WHAT YOU SHOULD DO -
Would you repeat exactly the part of the listing below that runs from the line containing "A bold, unconventional" down to the line containing "Large Etched Glass Hurricane Shade", inclusive, and nothing else?

SUPPLIED MATERIAL -

###

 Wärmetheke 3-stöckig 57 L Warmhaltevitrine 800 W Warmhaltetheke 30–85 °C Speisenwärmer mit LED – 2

###

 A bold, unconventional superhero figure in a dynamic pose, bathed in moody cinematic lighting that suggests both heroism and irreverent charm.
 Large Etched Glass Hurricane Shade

###

ANSWER FOR THE TASK -
 A bold, unconventional superhero figure in a dynamic pose, bathed in moody cinematic lighting that suggests both heroism and irreverent charm.
 Large Etched Glass Hurricane Shade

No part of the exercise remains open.